Adversarial Profiles: Detecting Out-Distribution & Adversarial Samples in Pre-trained CNNs
Arezoo Rajabi, Rakesh B. Bobba

TL;DR
This paper introduces a novel method for detecting adversarial and out-distribution samples in pre-trained CNNs without retraining, using class-specific adversarial profiles created from a single attack technique, showing promising initial results.
Contribution
The authors propose a new detection approach that does not require retraining or extensive fooling examples, utilizing class-specific adversarial profiles for effective detection.
Findings
Detects at least 92% of out-distribution examples
Detects 59% of adversarial examples
Effective on MNIST dataset
Abstract
Despite high accuracy of Convolutional Neural Networks (CNNs), they are vulnerable to adversarial and out-distribution examples. There are many proposed methods that tend to detect or make CNNs robust against these fooling examples. However, most such methods need access to a wide range of fooling examples to retrain the network or to tune detection parameters.
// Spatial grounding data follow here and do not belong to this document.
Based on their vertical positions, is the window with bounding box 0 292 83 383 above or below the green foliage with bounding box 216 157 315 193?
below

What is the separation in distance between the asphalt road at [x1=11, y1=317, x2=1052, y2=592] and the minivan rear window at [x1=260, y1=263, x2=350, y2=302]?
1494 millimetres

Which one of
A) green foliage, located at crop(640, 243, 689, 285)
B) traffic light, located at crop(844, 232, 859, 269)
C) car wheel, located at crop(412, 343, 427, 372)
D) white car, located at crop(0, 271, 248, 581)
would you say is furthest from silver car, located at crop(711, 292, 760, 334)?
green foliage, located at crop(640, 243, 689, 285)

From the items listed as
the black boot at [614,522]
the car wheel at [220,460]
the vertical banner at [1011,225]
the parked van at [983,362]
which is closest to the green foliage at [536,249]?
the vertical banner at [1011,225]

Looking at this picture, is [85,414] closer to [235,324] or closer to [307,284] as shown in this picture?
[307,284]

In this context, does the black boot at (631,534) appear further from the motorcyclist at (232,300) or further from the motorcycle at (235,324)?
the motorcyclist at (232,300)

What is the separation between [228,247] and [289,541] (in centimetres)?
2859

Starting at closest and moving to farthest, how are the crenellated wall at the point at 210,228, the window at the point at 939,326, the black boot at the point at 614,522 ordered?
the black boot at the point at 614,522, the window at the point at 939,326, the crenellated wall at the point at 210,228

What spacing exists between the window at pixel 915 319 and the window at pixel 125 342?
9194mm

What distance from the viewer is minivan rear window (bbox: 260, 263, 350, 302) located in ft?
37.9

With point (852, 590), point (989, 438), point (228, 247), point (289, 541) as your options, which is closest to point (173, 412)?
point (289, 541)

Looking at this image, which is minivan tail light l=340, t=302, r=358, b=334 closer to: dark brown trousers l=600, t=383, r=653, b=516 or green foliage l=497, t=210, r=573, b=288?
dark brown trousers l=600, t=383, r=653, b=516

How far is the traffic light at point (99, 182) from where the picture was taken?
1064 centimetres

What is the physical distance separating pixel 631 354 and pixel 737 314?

Here, we propose a method to detect adversarial and out-distribution examples against a pre-trained CNN without needing to retrain the CNN or needing access to a wide variety of fooling examples. To this end, we create adversarial profiles for each class using only one adversarial attack generation technique. We then wrap a detector around the pre-trained CNN that applies the created adversarial profile to each input and uses the output to decide whether or not the input is legitimate. Our initial evaluation of this approach…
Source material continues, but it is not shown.